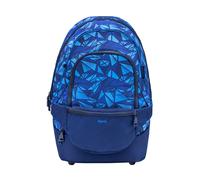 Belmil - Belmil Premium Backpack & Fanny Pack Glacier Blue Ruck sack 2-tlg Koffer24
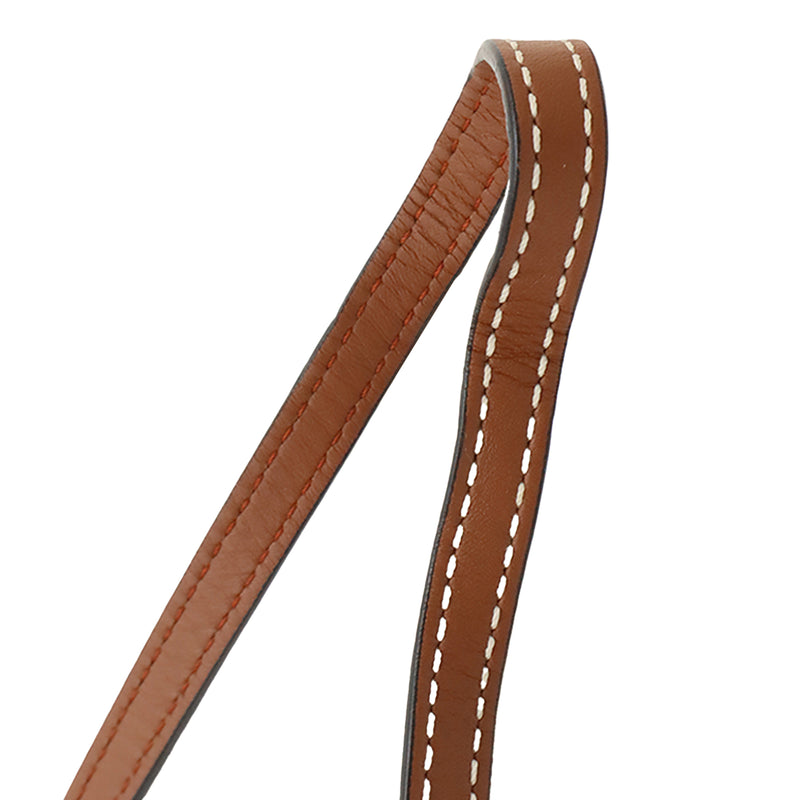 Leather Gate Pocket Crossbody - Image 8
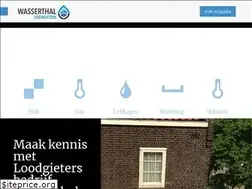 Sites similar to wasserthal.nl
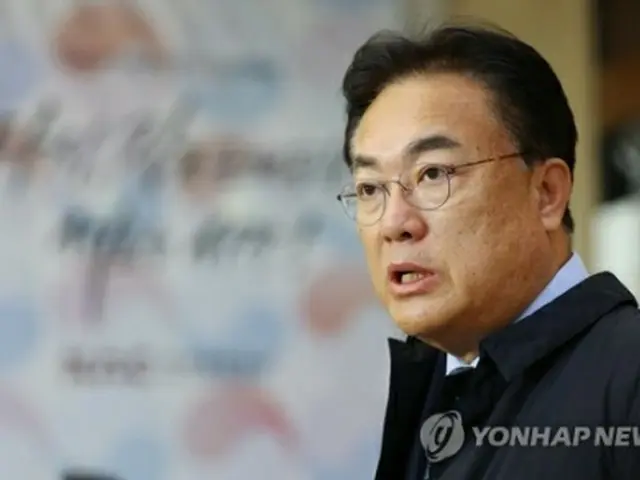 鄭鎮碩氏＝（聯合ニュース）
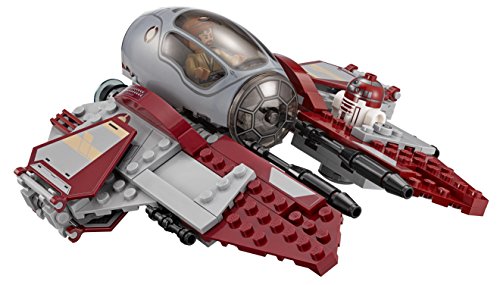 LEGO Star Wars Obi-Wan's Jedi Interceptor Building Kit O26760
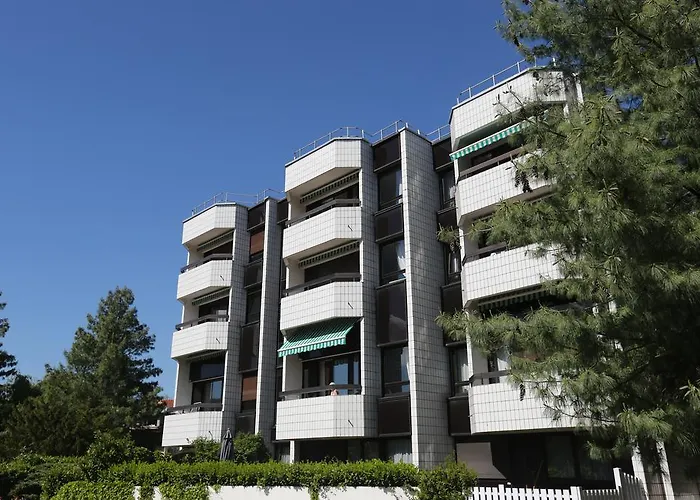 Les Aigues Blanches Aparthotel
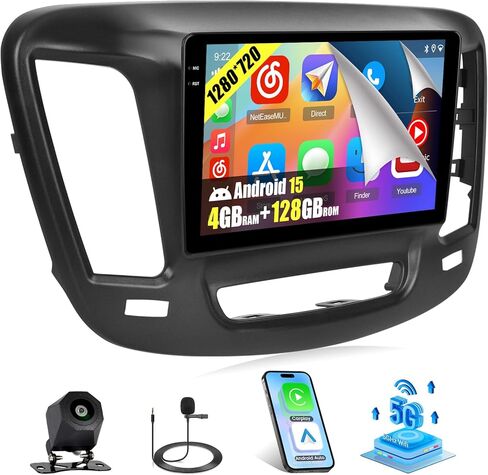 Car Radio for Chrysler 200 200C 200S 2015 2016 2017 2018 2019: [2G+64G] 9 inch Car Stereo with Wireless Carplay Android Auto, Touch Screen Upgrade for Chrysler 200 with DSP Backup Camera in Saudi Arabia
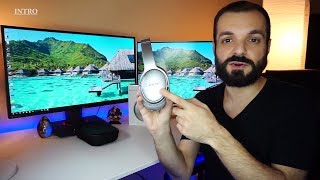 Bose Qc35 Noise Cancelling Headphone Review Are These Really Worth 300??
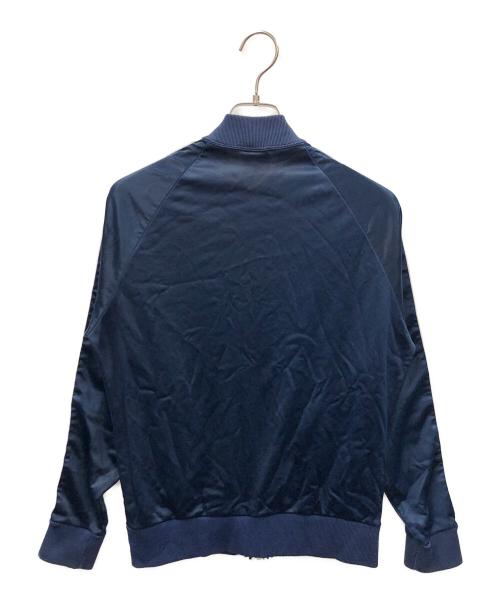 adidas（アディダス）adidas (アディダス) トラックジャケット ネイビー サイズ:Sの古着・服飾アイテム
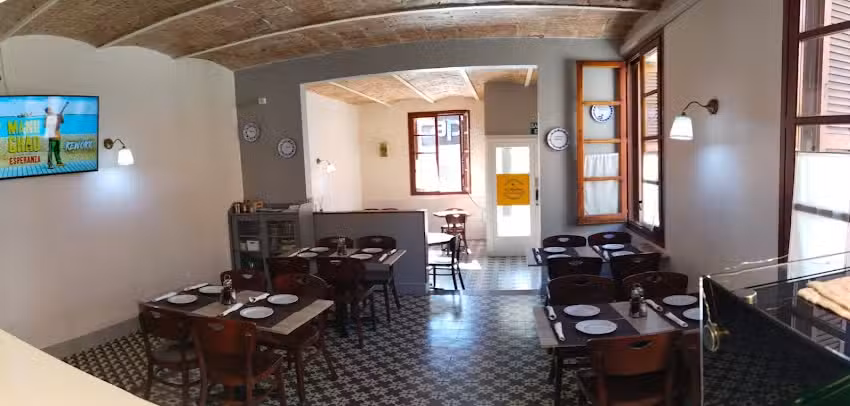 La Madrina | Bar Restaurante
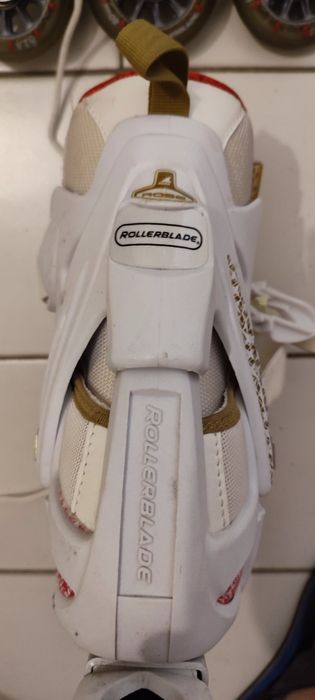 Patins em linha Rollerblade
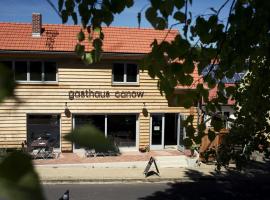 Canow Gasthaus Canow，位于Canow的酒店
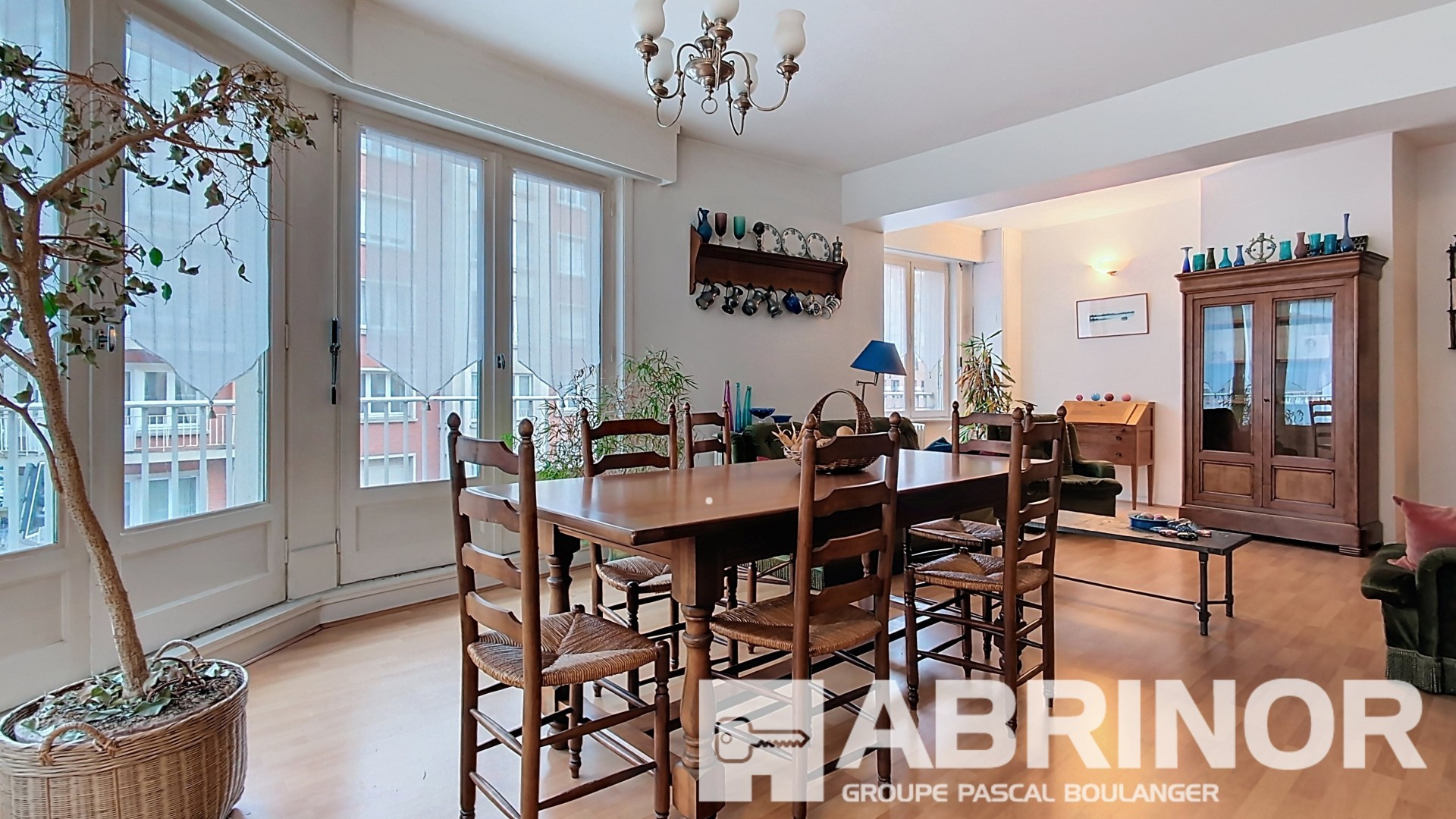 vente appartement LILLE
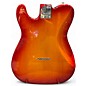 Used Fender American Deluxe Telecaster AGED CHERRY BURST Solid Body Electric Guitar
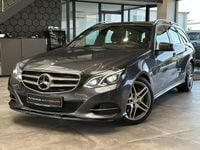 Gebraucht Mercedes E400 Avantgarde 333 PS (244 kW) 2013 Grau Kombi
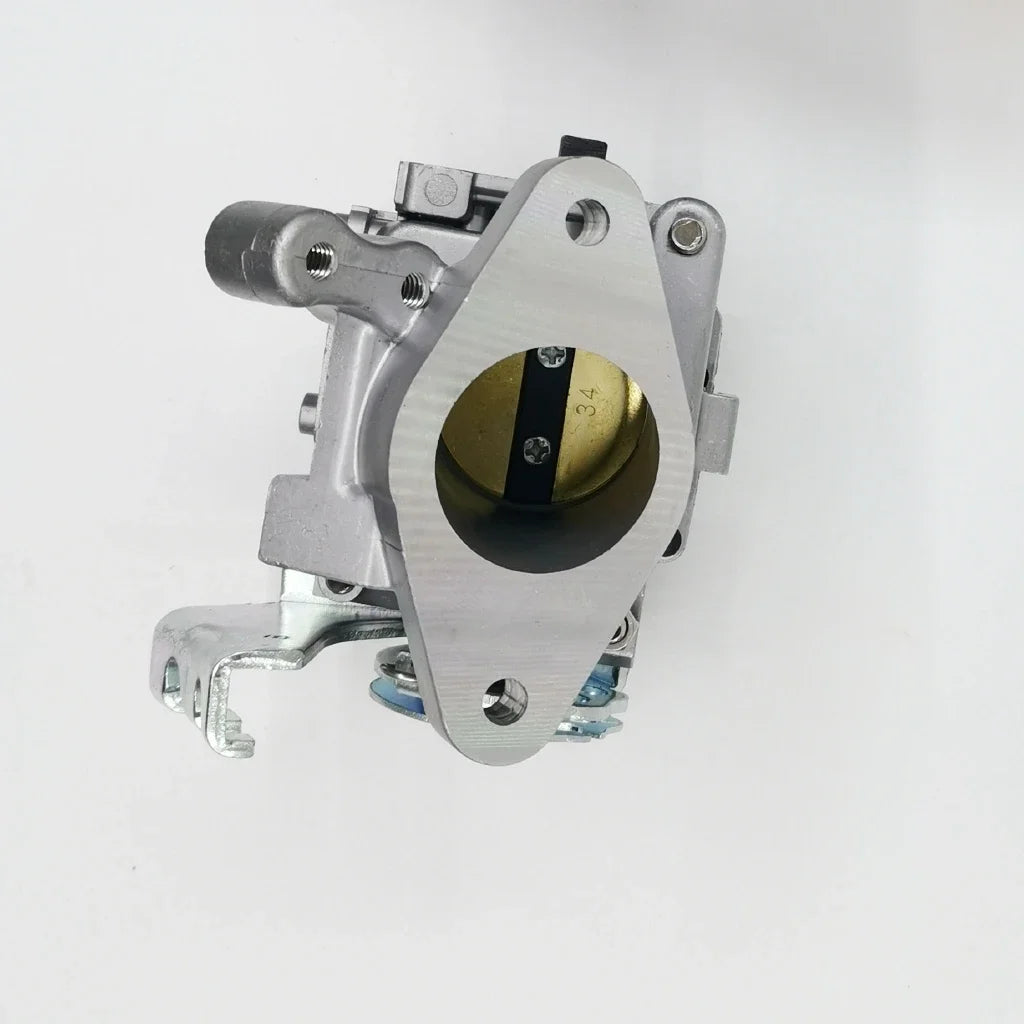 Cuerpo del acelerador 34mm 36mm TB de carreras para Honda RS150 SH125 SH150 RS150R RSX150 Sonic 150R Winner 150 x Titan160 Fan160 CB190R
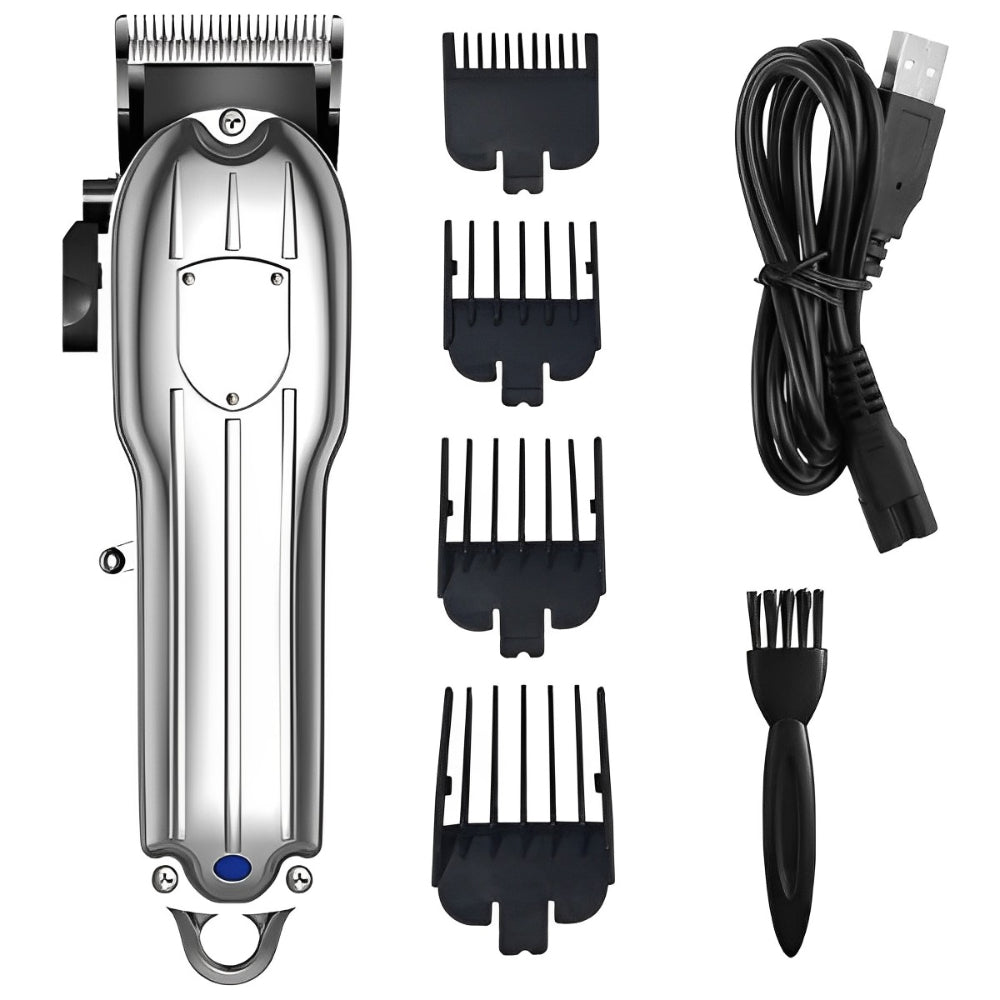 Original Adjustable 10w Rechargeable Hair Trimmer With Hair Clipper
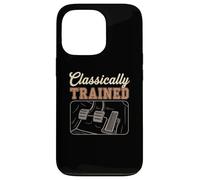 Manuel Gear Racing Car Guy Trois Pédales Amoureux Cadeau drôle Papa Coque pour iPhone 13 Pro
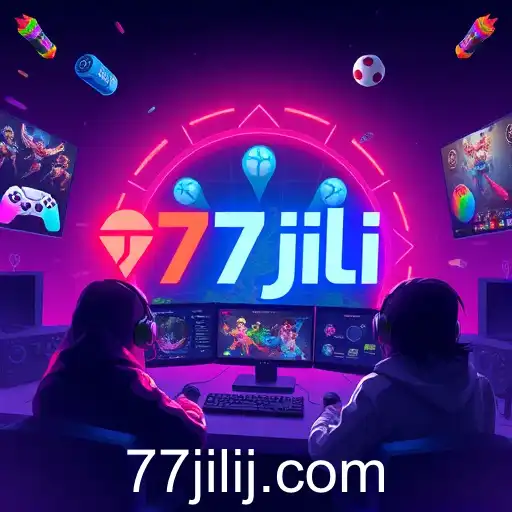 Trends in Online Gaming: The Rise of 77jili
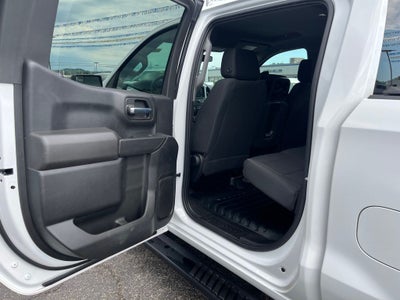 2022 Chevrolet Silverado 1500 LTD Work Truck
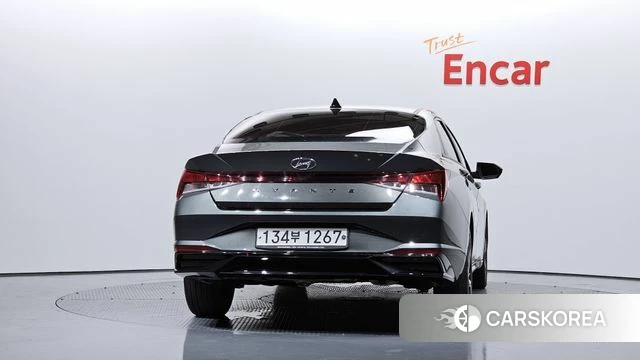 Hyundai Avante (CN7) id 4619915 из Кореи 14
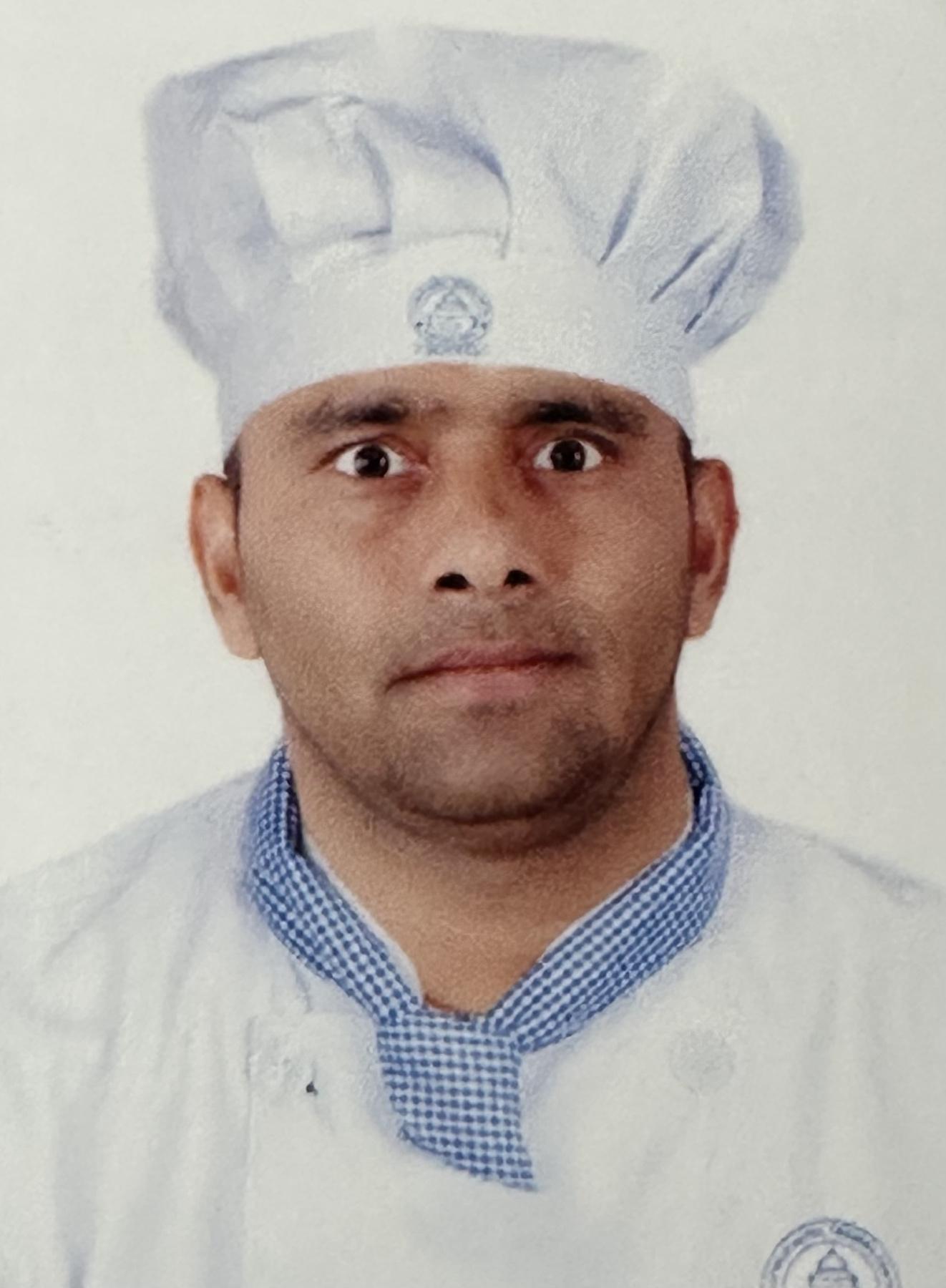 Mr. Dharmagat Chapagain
_ _ _
Exercise goal — What's needed is an exact copy of the lines above from the one with "鄭鎮碩氏＝（聯合ニュース）" through the one with "Patins em linha Rollerblade", both included; the pictures stay out.

Solution for this task —
 鄭鎮碩氏＝（聯合ニュース）
 LEGO Star Wars Obi-Wan's Jedi Interceptor Building Kit O26760
 Les Aigues Blanches Aparthotel
 Car Radio for Chrysler 200 200C 200S 2015 2016 2017 2018 2019: [2G+64G] 9 inch Car Stereo with Wireless Carplay Android Auto, Touch Screen Upgrade for Chrysler 200 with DSP Backup Camera in Saudi Arabia
 Bose Qc35 Noise Cancelling Headphone Review Are These Really Worth 300??
 adidas（アディダス）adidas (アディダス) トラックジャケット ネイビー サイズ:Sの古着・服飾アイテム
 La Madrina | Bar Restaurante
 Patins em linha Rollerblade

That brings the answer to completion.